Netflix has long been at the forefront of changes in the media landscape, with its leadership position in the streaming wars. This has supported huge growth that has driven shares 732% higher in the past decade (as of Jan. 15).
With its unmatched treasure trove of intellectual property, Walt Disney (DIS 1.83%) is no slouch in the entertainment industry. But this consumer discretionary stock trades 44% below its peak.
Which of these companies will make you richer?
Image source: Walt Disney.
Consider Disney's low valuation and streaming upside
Disney shares currently trade at a forward price-to-earnings (P/E) ratio of 17.2. That's much cheaper than Netflix's 27.3 multiple. This is one reason why the House of Mouse can make investors more money over the next five years.

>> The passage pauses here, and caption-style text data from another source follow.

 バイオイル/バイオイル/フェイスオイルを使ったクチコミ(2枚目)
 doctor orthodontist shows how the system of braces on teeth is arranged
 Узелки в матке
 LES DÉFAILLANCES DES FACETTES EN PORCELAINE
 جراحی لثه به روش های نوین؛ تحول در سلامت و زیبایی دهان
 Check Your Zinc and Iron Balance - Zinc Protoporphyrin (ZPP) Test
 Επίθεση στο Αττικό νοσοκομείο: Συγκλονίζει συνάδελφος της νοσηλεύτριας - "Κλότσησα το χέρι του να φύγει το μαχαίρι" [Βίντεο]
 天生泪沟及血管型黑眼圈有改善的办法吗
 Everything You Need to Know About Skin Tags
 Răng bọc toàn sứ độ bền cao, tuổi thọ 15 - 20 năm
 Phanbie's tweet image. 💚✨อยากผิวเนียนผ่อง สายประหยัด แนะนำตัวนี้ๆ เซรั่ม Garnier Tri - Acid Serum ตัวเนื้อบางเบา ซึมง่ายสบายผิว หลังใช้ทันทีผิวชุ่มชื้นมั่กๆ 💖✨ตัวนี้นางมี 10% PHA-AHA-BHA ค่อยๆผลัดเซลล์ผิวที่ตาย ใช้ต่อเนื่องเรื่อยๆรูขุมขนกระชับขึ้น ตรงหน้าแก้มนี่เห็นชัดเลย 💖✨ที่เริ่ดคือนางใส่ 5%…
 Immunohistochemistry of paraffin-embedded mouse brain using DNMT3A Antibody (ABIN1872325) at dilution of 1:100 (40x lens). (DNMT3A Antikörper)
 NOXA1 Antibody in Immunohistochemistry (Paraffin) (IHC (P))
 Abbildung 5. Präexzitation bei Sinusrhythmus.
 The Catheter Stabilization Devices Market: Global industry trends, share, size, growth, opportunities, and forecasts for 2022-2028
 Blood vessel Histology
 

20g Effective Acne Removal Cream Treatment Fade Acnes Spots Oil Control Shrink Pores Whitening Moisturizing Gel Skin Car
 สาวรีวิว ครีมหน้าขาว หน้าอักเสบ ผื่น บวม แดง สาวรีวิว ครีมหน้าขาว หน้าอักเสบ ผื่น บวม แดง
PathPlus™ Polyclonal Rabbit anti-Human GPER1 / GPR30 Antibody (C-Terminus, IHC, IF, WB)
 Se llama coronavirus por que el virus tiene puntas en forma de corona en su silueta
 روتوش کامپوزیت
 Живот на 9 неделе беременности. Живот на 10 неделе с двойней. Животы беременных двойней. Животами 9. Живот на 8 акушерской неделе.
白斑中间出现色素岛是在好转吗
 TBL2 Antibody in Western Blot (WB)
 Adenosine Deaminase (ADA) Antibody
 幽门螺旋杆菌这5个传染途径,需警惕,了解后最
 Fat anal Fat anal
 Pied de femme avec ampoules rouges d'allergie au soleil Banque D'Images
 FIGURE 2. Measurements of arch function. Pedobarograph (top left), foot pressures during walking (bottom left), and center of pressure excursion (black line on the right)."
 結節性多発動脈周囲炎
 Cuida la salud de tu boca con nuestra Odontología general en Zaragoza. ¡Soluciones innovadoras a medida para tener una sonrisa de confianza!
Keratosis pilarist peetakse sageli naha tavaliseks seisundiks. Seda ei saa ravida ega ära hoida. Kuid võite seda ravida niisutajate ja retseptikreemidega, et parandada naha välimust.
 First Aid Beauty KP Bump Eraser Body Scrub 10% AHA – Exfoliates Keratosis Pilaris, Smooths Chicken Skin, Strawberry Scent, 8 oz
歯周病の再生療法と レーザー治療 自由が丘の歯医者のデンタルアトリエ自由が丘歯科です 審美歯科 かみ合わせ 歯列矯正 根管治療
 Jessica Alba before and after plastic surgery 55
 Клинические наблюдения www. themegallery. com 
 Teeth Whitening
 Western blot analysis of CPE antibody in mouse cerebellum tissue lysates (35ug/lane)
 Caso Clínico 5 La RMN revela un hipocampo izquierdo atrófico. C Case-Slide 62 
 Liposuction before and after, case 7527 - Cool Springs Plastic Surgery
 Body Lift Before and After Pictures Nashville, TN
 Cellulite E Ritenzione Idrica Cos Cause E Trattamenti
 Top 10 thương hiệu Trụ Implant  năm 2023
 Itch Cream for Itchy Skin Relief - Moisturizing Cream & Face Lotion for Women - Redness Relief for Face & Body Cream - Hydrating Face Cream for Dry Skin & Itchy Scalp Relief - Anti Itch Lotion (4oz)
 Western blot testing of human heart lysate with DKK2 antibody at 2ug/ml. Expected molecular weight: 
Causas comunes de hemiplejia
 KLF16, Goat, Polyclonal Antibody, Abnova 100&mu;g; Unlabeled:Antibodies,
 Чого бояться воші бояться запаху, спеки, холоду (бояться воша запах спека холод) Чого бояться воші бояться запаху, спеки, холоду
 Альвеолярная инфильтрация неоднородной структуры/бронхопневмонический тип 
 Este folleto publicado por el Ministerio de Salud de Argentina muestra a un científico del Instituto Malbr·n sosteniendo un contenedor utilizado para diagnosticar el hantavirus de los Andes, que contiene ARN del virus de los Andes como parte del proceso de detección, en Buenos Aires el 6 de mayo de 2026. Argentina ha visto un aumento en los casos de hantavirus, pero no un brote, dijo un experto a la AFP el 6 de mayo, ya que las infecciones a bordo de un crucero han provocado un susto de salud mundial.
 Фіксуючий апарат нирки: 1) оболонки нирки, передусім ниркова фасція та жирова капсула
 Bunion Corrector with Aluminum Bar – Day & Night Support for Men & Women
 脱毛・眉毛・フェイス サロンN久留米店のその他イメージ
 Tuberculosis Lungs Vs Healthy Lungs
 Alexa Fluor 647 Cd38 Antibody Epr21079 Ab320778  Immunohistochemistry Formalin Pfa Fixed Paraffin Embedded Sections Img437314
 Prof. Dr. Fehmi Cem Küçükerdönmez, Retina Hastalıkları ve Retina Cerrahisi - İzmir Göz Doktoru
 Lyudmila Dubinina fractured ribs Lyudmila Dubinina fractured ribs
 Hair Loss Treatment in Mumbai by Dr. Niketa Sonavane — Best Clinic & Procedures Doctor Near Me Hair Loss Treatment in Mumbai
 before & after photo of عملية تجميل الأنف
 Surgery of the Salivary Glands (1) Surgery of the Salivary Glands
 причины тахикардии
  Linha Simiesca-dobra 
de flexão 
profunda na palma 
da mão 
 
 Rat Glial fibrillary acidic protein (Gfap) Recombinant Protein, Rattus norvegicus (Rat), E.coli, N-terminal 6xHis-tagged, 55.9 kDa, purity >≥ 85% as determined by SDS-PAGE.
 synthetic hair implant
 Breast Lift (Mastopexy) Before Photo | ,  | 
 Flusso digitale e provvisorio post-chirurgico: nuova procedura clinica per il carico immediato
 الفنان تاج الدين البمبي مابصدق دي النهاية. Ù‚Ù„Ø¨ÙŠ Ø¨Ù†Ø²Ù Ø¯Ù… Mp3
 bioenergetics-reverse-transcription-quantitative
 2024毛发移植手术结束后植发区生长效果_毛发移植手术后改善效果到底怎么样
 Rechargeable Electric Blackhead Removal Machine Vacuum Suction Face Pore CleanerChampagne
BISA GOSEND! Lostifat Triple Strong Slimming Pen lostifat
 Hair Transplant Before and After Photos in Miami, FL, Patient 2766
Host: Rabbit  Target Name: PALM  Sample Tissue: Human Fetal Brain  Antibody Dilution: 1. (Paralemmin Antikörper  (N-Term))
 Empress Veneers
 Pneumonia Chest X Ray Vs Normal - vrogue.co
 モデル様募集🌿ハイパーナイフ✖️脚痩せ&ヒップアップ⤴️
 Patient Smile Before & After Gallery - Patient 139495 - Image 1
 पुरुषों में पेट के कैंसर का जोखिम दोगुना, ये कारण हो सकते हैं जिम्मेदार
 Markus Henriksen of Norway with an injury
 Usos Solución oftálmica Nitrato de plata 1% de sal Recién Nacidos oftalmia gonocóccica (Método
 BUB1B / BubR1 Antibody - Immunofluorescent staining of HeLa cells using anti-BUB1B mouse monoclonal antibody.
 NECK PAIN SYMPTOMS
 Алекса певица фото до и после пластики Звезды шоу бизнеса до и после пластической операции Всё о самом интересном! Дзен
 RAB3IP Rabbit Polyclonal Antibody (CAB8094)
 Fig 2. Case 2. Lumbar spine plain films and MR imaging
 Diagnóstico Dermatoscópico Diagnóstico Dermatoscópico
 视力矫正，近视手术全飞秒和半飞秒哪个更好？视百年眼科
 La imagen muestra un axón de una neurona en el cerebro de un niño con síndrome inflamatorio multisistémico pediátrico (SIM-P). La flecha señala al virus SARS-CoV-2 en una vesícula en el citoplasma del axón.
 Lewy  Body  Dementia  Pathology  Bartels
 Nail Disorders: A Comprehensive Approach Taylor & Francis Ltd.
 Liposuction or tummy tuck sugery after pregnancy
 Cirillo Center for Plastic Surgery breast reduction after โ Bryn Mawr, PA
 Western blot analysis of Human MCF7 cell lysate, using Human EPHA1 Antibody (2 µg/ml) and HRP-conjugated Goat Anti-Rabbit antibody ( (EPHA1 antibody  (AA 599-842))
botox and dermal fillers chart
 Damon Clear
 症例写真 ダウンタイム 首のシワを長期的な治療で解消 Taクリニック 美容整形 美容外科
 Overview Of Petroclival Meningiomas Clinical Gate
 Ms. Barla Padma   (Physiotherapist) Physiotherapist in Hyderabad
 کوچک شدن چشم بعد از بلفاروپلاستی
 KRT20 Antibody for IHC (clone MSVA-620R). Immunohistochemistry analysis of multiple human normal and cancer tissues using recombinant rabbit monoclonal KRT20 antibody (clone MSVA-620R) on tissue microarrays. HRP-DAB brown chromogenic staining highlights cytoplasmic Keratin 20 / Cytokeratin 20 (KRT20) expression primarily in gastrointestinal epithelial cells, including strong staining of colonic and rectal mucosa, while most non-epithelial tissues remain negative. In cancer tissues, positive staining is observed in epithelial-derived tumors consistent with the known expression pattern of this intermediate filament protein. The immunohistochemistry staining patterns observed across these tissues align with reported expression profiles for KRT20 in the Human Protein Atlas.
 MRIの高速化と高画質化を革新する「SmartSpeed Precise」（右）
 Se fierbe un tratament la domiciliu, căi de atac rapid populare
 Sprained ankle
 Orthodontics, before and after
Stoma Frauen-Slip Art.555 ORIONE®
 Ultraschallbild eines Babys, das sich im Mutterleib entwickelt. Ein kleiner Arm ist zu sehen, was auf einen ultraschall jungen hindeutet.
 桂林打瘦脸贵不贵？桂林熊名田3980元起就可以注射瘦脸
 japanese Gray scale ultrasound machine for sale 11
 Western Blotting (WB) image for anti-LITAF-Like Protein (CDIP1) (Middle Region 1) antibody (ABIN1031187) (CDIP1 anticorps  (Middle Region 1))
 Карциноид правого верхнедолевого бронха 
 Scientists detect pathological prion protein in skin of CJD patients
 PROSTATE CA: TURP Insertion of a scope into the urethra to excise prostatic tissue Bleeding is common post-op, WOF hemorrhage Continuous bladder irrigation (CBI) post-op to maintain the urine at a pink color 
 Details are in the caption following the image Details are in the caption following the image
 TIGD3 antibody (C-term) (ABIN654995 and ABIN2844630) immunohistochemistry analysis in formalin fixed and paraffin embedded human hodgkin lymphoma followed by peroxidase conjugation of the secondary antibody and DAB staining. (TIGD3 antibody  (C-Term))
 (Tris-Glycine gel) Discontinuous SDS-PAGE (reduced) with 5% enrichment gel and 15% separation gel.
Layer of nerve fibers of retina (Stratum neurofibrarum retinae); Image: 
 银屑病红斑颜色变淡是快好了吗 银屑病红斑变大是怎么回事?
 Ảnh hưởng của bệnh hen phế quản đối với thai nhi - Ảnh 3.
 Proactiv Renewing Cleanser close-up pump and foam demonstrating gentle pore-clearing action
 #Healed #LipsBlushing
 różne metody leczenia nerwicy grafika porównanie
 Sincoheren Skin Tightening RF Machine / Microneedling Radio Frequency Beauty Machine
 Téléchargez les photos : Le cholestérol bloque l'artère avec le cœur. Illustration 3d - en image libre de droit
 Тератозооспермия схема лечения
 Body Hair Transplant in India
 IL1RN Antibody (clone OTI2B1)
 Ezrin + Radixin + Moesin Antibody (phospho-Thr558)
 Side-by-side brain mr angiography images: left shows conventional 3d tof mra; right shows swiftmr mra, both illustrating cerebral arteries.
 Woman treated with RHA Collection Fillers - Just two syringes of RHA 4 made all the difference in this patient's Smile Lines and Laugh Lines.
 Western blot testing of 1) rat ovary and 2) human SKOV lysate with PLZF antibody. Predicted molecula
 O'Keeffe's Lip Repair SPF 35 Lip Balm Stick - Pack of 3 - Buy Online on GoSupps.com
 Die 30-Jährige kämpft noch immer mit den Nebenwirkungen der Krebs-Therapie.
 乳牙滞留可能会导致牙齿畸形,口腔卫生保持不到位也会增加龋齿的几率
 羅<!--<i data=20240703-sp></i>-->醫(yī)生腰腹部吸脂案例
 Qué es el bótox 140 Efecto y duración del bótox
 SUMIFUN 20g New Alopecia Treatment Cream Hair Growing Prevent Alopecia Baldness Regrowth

Another factor to consider is Disney's burgeoning direct-to-consumer (DTC) streaming profits. Operating income within this segment jumped nearly 10-fold in fiscal 2025 (ended Sept. 27, 2025) compared to fiscal 2024. It is expected to climb meaningfully in the current fiscal year.
Valuation expansion and DTC earnings gains introduce two powerful tailwinds that can lift Disney stock to new heights.

NYSE: DIS
Key Data Points
Waiting for a Netflix pullback
Netflix stock is well off its all-time high from June last year. If the share price continued falling such that the forward P/E ratio approached 20, then it would be time to have a fresh discussion about what the better investment opportunity is between Netflix and Disney.